Universal and Transferable Attacks on Pathology Foundation Models
Yuntian Wang 1, Xilin Yang 1, Che-Yung Shen 1, Nir Pillar 2, Aydogan Ozcan 1
Published on arXiv
2510.16660
Input Manipulation Attack
OWASP ML Top 10 — ML01
Key Finding
A single visually imperceptible fixed noise pattern causes significant performance drops across multiple state-of-the-art pathology foundation models, including black-box models unseen during attack optimization.
UTAP (Universal and Transferable Adversarial Perturbations)

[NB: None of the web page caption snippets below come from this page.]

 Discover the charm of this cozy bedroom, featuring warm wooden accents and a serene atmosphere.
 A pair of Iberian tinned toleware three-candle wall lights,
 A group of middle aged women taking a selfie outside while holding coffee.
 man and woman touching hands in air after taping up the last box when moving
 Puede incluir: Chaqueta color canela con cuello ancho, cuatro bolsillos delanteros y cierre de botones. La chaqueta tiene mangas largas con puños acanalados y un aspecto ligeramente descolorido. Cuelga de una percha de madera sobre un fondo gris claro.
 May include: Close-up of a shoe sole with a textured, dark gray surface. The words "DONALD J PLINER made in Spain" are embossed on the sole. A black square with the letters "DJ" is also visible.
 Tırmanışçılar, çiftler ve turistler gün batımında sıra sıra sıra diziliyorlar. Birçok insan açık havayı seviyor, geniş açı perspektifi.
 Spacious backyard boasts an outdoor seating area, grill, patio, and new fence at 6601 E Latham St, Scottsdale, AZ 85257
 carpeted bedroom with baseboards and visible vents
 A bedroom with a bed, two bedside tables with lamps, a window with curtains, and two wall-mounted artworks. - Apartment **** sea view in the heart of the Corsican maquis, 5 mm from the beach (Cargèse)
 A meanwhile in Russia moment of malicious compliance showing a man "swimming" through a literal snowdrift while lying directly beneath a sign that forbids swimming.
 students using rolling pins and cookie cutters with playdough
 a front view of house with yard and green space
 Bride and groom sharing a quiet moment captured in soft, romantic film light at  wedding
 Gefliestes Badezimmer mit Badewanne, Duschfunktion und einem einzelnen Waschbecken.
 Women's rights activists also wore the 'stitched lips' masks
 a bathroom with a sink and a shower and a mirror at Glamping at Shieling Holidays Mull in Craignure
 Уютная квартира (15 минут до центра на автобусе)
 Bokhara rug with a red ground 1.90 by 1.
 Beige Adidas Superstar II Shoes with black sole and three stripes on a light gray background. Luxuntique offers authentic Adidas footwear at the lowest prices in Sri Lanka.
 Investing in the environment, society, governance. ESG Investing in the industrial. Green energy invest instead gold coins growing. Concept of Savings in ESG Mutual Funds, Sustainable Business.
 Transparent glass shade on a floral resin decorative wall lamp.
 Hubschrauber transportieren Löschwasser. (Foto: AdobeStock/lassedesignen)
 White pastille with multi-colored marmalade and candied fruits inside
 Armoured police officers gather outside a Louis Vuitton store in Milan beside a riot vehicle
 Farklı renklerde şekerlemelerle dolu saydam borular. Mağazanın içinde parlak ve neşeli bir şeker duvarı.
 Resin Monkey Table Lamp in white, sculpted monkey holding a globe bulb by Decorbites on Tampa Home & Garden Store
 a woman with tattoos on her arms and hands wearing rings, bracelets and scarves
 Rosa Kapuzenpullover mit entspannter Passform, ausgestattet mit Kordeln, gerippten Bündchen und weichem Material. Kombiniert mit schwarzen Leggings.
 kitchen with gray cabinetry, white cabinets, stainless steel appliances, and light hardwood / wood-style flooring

Novel technique introduced
We introduce Universal and Transferable Adversarial Perturbations (UTAP) for pathology foundation models that reveal critical vulnerabilities in their capabilities. Optimized using deep learning, UTAP comprises a fixed and weak noise pattern that, when added to a pathology image, systematically disrupts the feature representation capabilities of multiple pathology foundation models. Therefore, UTAP induces performance drops in downstream tasks that utilize foundation models, including misclassification across a wide range of unseen data distributions. In addition to compromising the model performance, we demonstrate two key features of UTAP: (1) universality: its perturbation can be applied across diverse field-of-views independent of the dataset that UTAP was developed on, and (2) transferability: its perturbation can successfully degrade the performance of various external, black-box pathology foundation models - never seen before. These two features indicate that UTAP is not a dedicated attack associated with a specific foundation model or image dataset, but rather constitutes a broad threat to various emerging pathology foundation models and their applications. We systematically evaluated UTAP across various state-of-the-art pathology foundation models on multiple datasets, causing a significant drop in their performance with visually imperceptible modifications to the input images using a fixed noise pattern. The development of these potent attacks establishes a critical, high-standard benchmark for model robustness evaluation, highlighting a need for advancing defense mechanisms and potentially providing the necessary assets for adversarial training to ensure the safe and reliable deployment of AI in pathology.
Key Contributions
- Universal adversarial perturbation (UTAP) that applies a single fixed noise pattern to disrupt feature representations of multiple pathology foundation models across diverse field-of-views and datasets
- Demonstrates black-box transferability: UTAP degrades external pathology foundation models never seen during optimization
- Systematic robustness benchmark across state-of-the-art pathology foundation models, establishing a high standard for evaluating and motivating defenses
🛡️ Threat Analysis
UTAP is a gradient-optimized universal adversarial perturbation applied to pathology images at inference time, causing misclassification and feature disruption across multiple unseen foundation models — a classic input manipulation attack with universality and black-box transferability.